とはいえ、実際のNSXユーザーはさまざま。今回の改良に際しては、スポーツ走行のレベルアップだけを考えたわけではない。「マイナーチェンジ前からの変化は、近所の街乗り程度でも感じられるはずです」と、水上さんも強調する。
「走りだしから違いがわかります。今回は『形はいままでと変わらないが中身は違う』という進化を提案したかったのです」
その進化を説明するにあたっては「最適化」という抽象的な言葉が多用されるのだが、つまりは、駆動力の伝わり方などドライバーのフィーリングに直接関わるところをトライ&エラーで煮詰め、運転する誰もが「気持ちいい」と思えるように仕立て直したということだ。

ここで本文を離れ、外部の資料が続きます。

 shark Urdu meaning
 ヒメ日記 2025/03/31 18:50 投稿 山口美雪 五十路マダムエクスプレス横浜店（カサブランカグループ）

そうした改良は、ユーザーの要求や市場からのフィードバックによるものではなく、純粋にホンダからの提案なのだという。NSXのようなスーパースポーツでは、お客さんの「もっとこうしてほしい」という評判だけを元にあれこれ変更すると、まとまりのない“ヘンな方向”に行ってしまう恐れがあるそうだ。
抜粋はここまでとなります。